Now she was doing the same thing for me.
In the year that followed, on late nights when I had no one to talk to, I took advantage of her gift, again and again. I’d call, and whatever time of the day it was, Ada would pick up, her cheery voice shooting across the thousands of miles between us. At the end of our conversations, she’d tell me how much she looked forward to my return home.
“When you get home, we’ll party, party, party.” Her voice lilted high and happy, a voice of welcome, a voice that embraced rather than condemned.
I was sure she’d heard the stories that were already floating throughout our community, stories that would eventually wind their way across other Conservative Mennonite communities.
But Ada didn’t care.
She and Alvin took and paid for those phone calls gladly because it was who they were. I doubt they did it to prove their love. They didn’t need to.
It was a gift — the same gift of time that went into making her cookies.
HERE’S THE RECIPE Melodie finally shared with me.

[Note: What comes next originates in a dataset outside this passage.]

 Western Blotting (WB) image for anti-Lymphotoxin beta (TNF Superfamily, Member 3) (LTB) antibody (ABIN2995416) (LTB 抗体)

Ada’s Chocolate Chip Cookies
INGREDIENTS:
- 3 ¾ cups all-purpose flour
- 1 ½ teaspoons soda
- 1 1/3 cups butter, softened
- 1 cup light brown sugar
- ½ cup white sugar
- 1 pkg (5.1 ounces)( 6-servings size) instant vanilla pudding
- 1 ½ teaspoons vanilla extract
- 3 eggs
- 1 pkg milk chocolate chips
DIRECTIONS:
Mix together butter, sugars and instant pudding mix. Beat until smooth and creamy. Add eggs and vanilla. Add baking soda and gradually add flour. (The batter will be stiff.) Stir in chocolate chips. (You can also add nuts if you’d like.)
Drop large, rounded teaspoonfuls (I actually roll mine into balls.) onto ungreased baking sheets. (I use a baking stone.) Bake at 350 for approx. 10 – 10.5 minutes. The cookies will seem a little doughy, but they’ll firm up as they cool.
Do not overbake!
MAKING THESE COOKIES on Saturday night for dinner is another story entirely: in the afternoon just as I was returning home by ferry with the ingredients and the insulated cookie sheet, the power went out in our rural town. So I ended up preparing the dishes by lantern light, and I even mixed the cookie dough by hand.

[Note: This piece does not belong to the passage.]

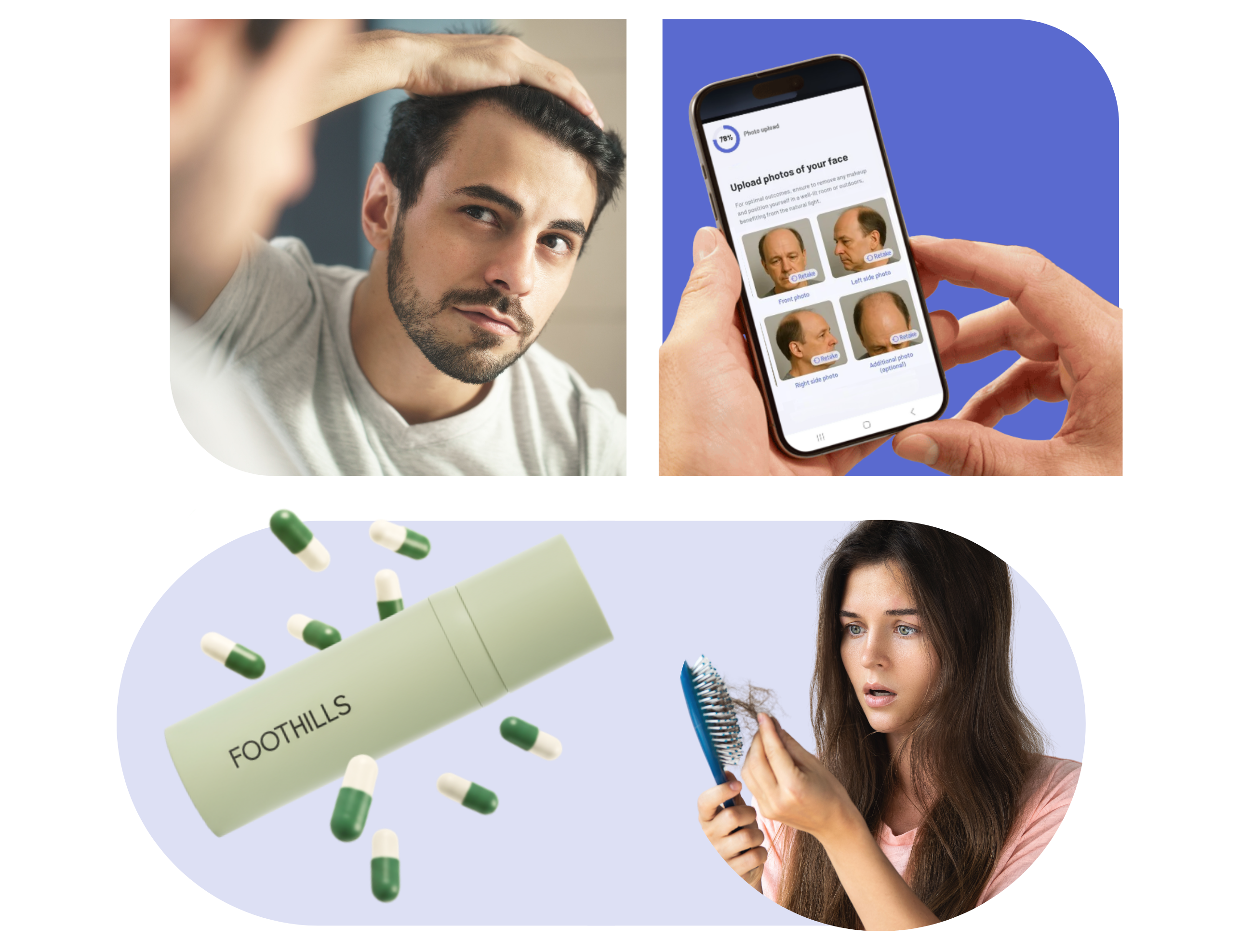 hair loss treatment online hair loss treatment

I was sure the power would come back on in time. But eventually, my wife and I were forced to pack up everything, jounce across the island, and invade our pastor’s house (which still had power), where I finished the meal on the island stove of their parsonage.
To my surprise, the meal and the dessert somehow worked — warm, gooey cookie pushed into melty vanilla bean gelato. Everyone dug in over the crisis, and conversation flowed over a beautiful red wine.
As an added twist, I had sprinkled sea salt over the molten cookies immediately after I pulled them from the oven.
I thought Ada would approve of this new party.
Malana Ganz says
Ada’s granddaughter was my mentor when we were “missioning” in Panama. She carried the same hospitality and love, and now I know where she got it. Thank you for this story.
Steven L. Denlinger says
You’re welcome, Melana. I’m happy you had the chance to interact with her grandchild. What a wonderful family she had.
Miriam says
Was good reminiscing in this article . She was married to my uncle . This is how I remembered her . Her eyes always totally on my face , always interested in what I was doing it what my young family was up to .
Steven L. Denlinger says
The eyes are so important, Miriam. And you’re right, that was so much a part of who Ada was: those kind, perceptive eyes.